Make recommendations

Once you have done the evaluation, consider what recommendations follow on from the work. This may depend whether you’re evaluating the product as you’re developing it, to work out how to make it better (formative evaluation), or when you are launching it, or soon after, to find out whether it achieves its aims (summative evaluation). Recommendations usually fall into 4 broad categories.

Recommendations for future evaluation studies

Evaluation is often part of an iterative process with more evaluations happening afterwards. Your evaluation may have raised new questions that should be answered later. You may have started with a simpler evaluation. If the results look promising, this might justify committing resources to a more complex evaluation.

Recommendations for how to make the product better

Particularly with formative evaluations, but also with summative evaluations, there will be implications for how to make your product better. Feed these back to the development team.

Recommendations for how the product should be implemented

Summative evaluations are often used to justify commissioning and purchasing decisions, or to pass some regulatory approval.

Recommendations for how to do evaluations differently

Your experience of carrying out an evaluation may be useful for people doing other evaluations. Evaluations in digital health are relatively new and methods are still developing. Consider sharing your experiences within a community of practice.

Say what evidence you have

Be honest about the weight of evidence. Some evaluations provide more robust evidence for conclusions than others. Some conclusions are more directly-related to the evidence than others. Be clear what evidence you have for a recommendation.
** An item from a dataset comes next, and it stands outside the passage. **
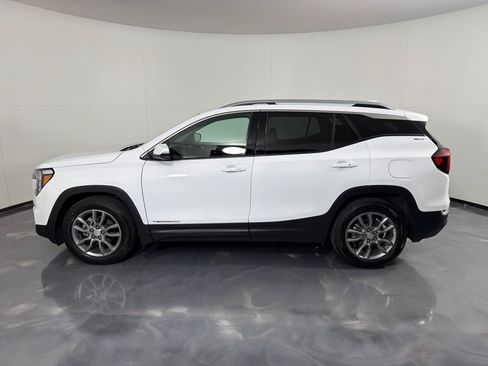 Used 2022 GMC Terrain SLT w/ LPO, Floor Liner Package FWD image 6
Make sure you have turned conclusions into actionable conclusions. You could use SMART criteria – recommendations should be:

  • specific
  • measurable
  • achievable
  • relevant
  • time-bound

Consider making separate recommendations for different stakeholders. You may need to present your findings and recommendations differently. The Health Foundation website has a toolkit, ‘Communicating your research’. It includes templates and guidance on how to plan communication of your findings to different audiences.